Unlike a commonly used End-fed antennas with 9:1 UNUNs and non-resonant length of wire, EFHW antennas are not prone to high common mode current and problems associated with it mainly due to the high common mode isolation of the transformer (MyAntennas designs) and use of the resonant length of wire placing the current minima at the feed point. RF interference in the home is common with any antenna without proper Current BALUN, like Dipoles, OCF dipole antennas, G5RV, ZS6BKW  etc. or when the antenna is very close or installed above radio room like in the attic or routed over the home. Avoid the routing of coaxial cable under or parallel to the radiating wire, in that case, antenna radiator will couple the energy to the coaxial shield of the feedline and cause common mode current on it which will be routed towards your station and manifested as RFI, Bitey mic. noise in speakers etc.

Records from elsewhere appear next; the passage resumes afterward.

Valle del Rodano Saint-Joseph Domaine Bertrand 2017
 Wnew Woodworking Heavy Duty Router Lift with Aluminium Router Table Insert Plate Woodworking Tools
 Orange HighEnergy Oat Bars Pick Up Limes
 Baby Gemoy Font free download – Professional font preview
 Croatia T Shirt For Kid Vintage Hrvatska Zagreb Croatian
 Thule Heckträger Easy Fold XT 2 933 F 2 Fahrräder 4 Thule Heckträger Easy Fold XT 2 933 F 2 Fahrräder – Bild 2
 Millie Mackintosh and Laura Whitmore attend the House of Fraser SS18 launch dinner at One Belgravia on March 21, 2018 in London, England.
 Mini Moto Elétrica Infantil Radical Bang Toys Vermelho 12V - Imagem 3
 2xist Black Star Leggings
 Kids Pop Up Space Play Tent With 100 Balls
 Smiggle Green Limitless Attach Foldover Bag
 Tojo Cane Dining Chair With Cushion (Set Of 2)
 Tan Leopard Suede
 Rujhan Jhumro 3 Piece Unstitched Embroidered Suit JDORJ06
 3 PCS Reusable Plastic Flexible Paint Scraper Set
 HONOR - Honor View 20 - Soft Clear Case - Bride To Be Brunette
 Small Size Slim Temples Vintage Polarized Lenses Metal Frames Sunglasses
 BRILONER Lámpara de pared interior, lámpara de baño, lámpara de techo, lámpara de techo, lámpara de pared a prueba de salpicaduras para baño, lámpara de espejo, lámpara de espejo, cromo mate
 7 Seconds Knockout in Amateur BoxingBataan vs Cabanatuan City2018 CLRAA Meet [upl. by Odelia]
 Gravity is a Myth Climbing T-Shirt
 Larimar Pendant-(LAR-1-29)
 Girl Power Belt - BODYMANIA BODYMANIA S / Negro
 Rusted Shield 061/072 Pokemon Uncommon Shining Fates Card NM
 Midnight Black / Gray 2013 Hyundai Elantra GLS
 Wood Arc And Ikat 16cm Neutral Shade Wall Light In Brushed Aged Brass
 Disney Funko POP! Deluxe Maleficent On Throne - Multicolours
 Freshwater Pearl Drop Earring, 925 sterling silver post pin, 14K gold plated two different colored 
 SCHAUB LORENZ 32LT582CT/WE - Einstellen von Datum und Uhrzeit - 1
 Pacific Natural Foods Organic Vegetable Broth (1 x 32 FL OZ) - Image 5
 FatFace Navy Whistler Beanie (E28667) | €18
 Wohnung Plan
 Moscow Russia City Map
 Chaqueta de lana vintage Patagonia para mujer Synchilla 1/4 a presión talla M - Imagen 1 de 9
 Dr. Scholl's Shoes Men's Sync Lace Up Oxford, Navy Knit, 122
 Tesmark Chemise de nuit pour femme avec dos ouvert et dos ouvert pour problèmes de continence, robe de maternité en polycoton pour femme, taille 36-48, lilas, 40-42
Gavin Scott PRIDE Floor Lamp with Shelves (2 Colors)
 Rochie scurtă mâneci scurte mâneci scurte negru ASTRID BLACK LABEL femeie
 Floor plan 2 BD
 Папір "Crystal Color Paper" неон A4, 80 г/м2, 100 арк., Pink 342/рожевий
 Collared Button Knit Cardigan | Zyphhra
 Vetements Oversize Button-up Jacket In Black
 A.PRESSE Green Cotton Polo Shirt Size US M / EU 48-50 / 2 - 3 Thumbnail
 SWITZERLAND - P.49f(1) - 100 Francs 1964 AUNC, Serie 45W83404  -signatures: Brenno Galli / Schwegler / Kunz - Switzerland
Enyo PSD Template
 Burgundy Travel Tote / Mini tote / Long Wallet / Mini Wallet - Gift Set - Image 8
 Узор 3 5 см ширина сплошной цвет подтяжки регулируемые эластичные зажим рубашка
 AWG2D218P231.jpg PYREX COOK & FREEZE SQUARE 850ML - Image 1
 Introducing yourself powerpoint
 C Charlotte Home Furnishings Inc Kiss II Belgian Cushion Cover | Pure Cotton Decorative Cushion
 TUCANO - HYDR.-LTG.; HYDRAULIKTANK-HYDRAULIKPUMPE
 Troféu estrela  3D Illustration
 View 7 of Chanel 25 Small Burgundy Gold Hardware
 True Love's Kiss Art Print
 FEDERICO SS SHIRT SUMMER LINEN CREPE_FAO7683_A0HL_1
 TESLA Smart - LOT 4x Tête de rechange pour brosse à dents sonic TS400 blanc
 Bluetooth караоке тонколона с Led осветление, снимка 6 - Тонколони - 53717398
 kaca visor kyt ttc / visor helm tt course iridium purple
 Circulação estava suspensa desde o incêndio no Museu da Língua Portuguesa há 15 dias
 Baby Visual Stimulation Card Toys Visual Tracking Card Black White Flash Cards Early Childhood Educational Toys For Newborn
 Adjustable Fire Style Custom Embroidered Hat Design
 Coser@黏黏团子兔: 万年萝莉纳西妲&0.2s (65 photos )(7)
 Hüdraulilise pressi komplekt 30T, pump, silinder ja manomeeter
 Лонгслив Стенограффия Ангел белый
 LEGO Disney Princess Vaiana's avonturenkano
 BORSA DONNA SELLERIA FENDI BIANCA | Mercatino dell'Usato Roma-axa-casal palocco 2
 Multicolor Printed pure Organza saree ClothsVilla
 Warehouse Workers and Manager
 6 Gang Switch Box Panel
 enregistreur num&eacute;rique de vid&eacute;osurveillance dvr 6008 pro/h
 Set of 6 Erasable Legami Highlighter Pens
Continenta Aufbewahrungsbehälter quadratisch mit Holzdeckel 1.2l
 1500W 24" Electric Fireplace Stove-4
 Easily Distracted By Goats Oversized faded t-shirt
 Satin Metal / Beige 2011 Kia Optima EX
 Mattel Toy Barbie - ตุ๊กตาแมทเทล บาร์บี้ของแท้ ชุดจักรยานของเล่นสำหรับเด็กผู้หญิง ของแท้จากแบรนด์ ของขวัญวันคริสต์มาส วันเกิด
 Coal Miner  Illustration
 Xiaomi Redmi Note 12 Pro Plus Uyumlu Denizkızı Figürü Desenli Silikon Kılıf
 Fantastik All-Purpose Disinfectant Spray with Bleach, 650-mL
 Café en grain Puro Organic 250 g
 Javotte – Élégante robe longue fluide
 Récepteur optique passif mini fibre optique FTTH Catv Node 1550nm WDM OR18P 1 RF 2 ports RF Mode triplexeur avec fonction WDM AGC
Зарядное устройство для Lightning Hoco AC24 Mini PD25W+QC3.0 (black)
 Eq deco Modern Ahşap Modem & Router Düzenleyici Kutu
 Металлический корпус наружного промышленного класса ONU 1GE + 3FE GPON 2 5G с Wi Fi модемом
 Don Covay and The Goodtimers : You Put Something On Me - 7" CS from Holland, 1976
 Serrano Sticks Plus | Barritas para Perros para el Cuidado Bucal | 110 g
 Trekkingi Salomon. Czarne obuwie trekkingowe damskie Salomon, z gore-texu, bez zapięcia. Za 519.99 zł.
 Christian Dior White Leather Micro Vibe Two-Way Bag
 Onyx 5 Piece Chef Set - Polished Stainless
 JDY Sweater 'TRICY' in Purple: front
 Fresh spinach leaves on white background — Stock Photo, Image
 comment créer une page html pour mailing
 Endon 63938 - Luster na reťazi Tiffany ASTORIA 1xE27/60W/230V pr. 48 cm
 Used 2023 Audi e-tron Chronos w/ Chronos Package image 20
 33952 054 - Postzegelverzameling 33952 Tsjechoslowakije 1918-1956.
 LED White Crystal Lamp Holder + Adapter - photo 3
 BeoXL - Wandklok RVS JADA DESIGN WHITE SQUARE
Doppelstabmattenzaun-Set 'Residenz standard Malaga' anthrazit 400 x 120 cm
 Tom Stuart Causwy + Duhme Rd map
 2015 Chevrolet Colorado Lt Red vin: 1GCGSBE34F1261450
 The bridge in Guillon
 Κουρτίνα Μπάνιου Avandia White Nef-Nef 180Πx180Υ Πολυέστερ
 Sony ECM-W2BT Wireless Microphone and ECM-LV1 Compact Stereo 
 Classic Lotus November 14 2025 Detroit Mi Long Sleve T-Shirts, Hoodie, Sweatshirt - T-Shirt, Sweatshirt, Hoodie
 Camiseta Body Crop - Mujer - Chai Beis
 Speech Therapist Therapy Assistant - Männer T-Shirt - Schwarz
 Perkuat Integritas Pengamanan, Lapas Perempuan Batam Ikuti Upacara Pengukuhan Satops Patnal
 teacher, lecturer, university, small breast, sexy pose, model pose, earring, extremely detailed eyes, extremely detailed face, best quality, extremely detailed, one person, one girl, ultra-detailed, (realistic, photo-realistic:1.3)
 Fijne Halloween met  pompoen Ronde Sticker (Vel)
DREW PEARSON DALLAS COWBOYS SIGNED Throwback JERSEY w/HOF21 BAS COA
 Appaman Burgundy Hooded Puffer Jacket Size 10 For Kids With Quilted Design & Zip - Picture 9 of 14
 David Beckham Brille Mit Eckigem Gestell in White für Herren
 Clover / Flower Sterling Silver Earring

Just like any center fed dipole without proper BALUN and coaxial cable swayed on one side, common mode current on a shield of the cable is unavoidable.

The ground lug at the transformer bottom is meant for use with a dedicated ground rod when the transformer is installed up to 10 feet (3 meters) above ground. If it is not practical for you to add a dedicated ground rod for an EFHW antenna, just omit that connection and ground the coax shield of the feed line to a  station ground, entry connector plate, or dedicated ground rod with pass-thru SO239 or with lightning arrestor at the entrance to the home/radio room. The grounding of all coaxial cable shields at the entrance to the home is required by National Electrical Code NEC 810

Also, do not listen to internet “experts” saying that some form of hanging counterpoise wire of 0.05 wavelength should be added to the ground connection of the transformer box. It is useless and all you need is to provide good grounding of the coaxial cable shield anywhere along the line between the transformer and entrance of the cable to your home.

The EFHW antenna will work without any grounding too but it is recommended for protection of your equipment.

As original article of an inventor Josef Fuchs, published in July 1928 QST magazine says this:

The unilateral connection of the aerial to an intermediate circuit as seen in Fig.1 has the advantage of working without ground or counterpoise…”

No,  the transformer itself has enough common mode isolation impedance (5000-19000 Ohms) so an additional choke might have an impact on the transformer’s primary winding and make an impact on antenna tuning.  We do not recommend any chokes at the feed point especially coiled coax chokes which actually might increase common mode currents on any antenna feedline. But we strongly suggest installing the CMC at the entrance of your cable to the home in order to prevent any induced RF or common-mode noise signals to enter the home and interfere with your station and appliances. Note that all cables entering homes must be grounded before entering the home and CMC should be installed between that grounding point and the antenna. See Grounding links in our tech library.

No, You can use any length of 50 Ohms Coaxial cables such as RG8x, RG8, RG213, LMR-400, DXE-400Max or similar. The feedline length does not change the electrical length of the antenna nor change the resonant points of the antenna. The minimum SWR points remain on the same frequency regardless of feedline length.